Dès le premier jour de ce mouvement né spontanément après des appels à manifester sur les réseaux sociaux, les protestataires ont réclamé des emplois et des services publics fonctionnels tout en exprimant leur colère contre la classe dirigeante accusée d’être corrompue.

Selon Transparency International, l’Irak occupe la douzième place du classement des pays les plus corrompus au monde. D’après des chiffres officiels, près de 410 milliards de dollars (372 milliards d'euros) de fonds publics se sont volatilisés en 16 ans, alors qu’un Irakien sur cinq vit sous le seuil de pauvreté et un jeune sur quatre est au chômage.

Un Premier ministre en sursis ?

Confronté au mécontentement croissant de la population, le Parlement se déchire alors que la fragile majorité parlementaire du Premier ministre semble plus que jamais dans l’impasse. Une cinquantaine de députés fidèles au leader chiite Moqtada Sadr, qui appuyait le gouvernement jusqu’au début de la crise, ont entamé samedi un sit-in en solidarité avec les manifestants, et annoncé rejoindre l'opposition.

"Le peuple irakien est en train d’être tué de sang-froid, ce gouvernement doit démissionner car il n’a pas su répondre à ses demandes les plus simples et n’a pas réussi à appliquer le programme qu’il avait annoncé", explique à France 24 le député Burhan al-Maamoudi, allié au bloc de Moqtada Sadr. Il n'était pas clair si les ministres désignés par Moqtada Sadr, mais qui ne font pas partie de son mouvement, quitteraient le gouvernement.

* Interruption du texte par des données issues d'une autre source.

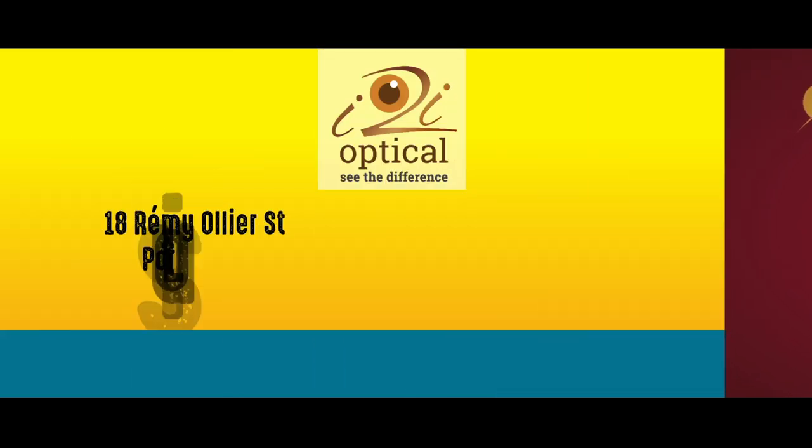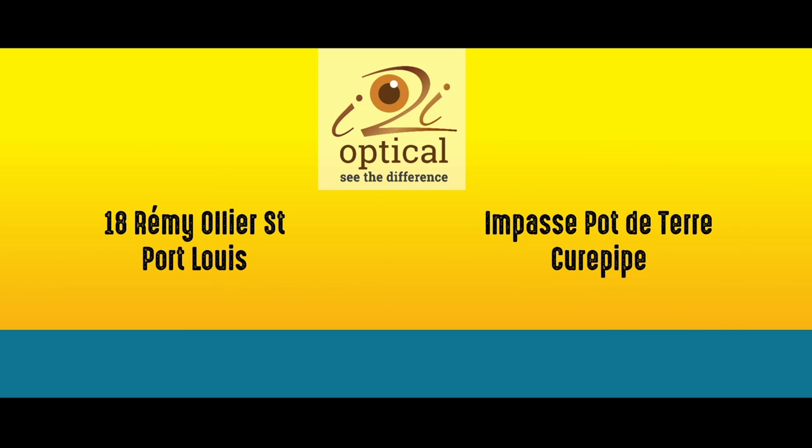Pas billet, I2i Optical trouve seulement un produit et que pipe. Appelle-nous l'eau 89 56 pour un rendez-vous.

Le leader chiite, qui a endossé les revendications des manifestants "contre les corrompus", a renouvelé son appel à la démission du gouvernement et la tenue d'élections anticipées "sous supervision de l'ONU". "Il n’a aucune perspective de résolution qui puisse casser la dynamique actuelle en Irak. Les manifestants ont un objectif, mais ils n’ont pas de stratégie à même de provoquer un changement dans le pouvoir, poursuit Zaid al-Ali. Et s’il s’agit juste de remplacer le Premier ministre par un autre personnage issu de la même classe dirigeante, rien ne changera".